この恋の始まりはあの日から~何度すれ違っても、君を愛す~
「静、俺の気持ちは変わらない。あのおかっぱ頭に触れた日からずっと…。」
「あの廊下でぶつかった日?あの頃から…?」
「キチンと君に伝えていなかった俺が悪かったんだ。
ずっと、君を…君だけを見ていたよ。好きだったんだ君の事が。」
静は驚いた。まさか10年以上前の話をされるとは思ってもいなかった。
「君さえ良ければ、今度こそ本当に婚約したい。」
「ホントに…? ホントに? 私でいいの?」
緊張の糸が切れたのか、静の瞳からポロリと涙がこぼれた。
「泣くなよ。」
「だって…。こんな事になるって…思ってなくて…」
「俺の気持ちを今度こそ信じてくれ、静。何度離れても君を探し出す。」
竜平は静の手をゆっくり握った。

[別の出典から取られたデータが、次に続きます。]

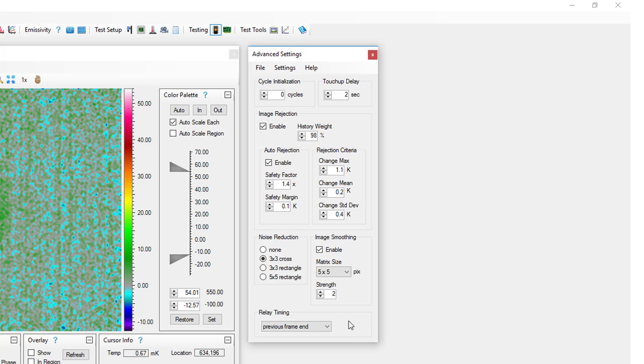The timing within each cycle when relays are closed and open is critical when calculating phase angles and phase images. For most relay devices, this setting should be set to previous frame end and should only be changed if you are instructed by an OptiTherm support engineer.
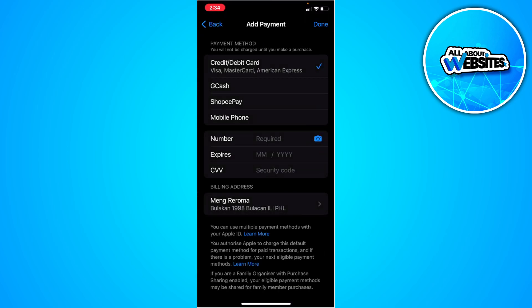Now I don't have any payment method connected to my Apple ID account. If you have one, what you can do is simply remove that payment method and add it again as a new payment method.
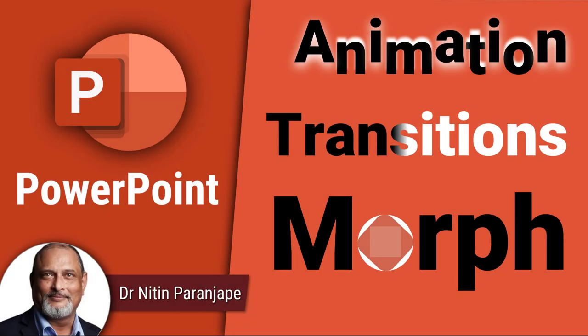In this video we will see animation, transitions, and a special transition called morph.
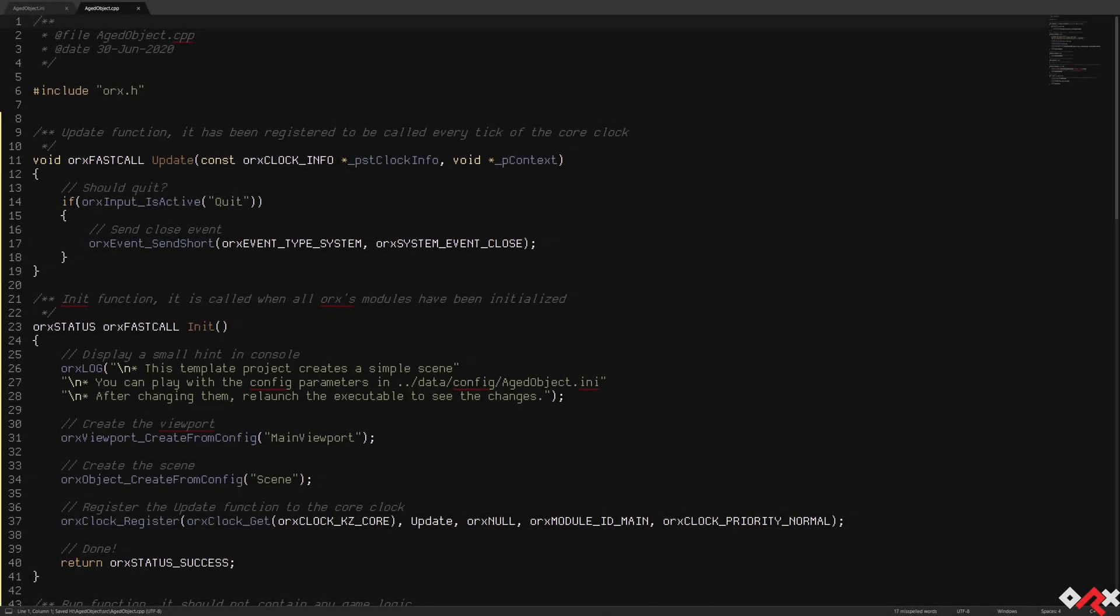Hello everyone and welcome back to another AUX video. Today's sample will be having a look at the object's age property. One of the common uses for this property is to ensure that the animation of identical objects created at the same time, that they're not synchronized. And as we'll see in this video, it has some other uses as well.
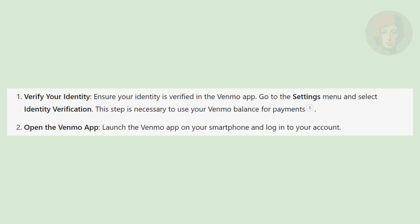First, ensure your identity is verified in the Venmo app. Then go to the settings menu and select identity verification. This step is necessary to use your Venmo balance for payments.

そして、指先にキスを落としながら囁いた。
「泣き虫で意地っ張りな静、俺と結婚を前提にもう一度始めてくれませんか?」
返事の前に、竜平は静を抱きしめていた。
離したくなかった。この腕に静がいる。
「いや… すぐに結婚しよう、静。嫌だとは言わせない。」
静はぎゅっと竜平の背に腕を回した。
「大好き…竜平さん…。」
「ああ、俺もだ。誰よりも君が好きだ。」
あの日から始まった恋。あれから何年過ぎただろう。
ほんの少しだけ、他の人より悲しい恋だったけれど、今は違う。
届くはずはない想いだと、何度もあきらめかけた。
でも、心の中で思い続けていた静の恋が、今、実った。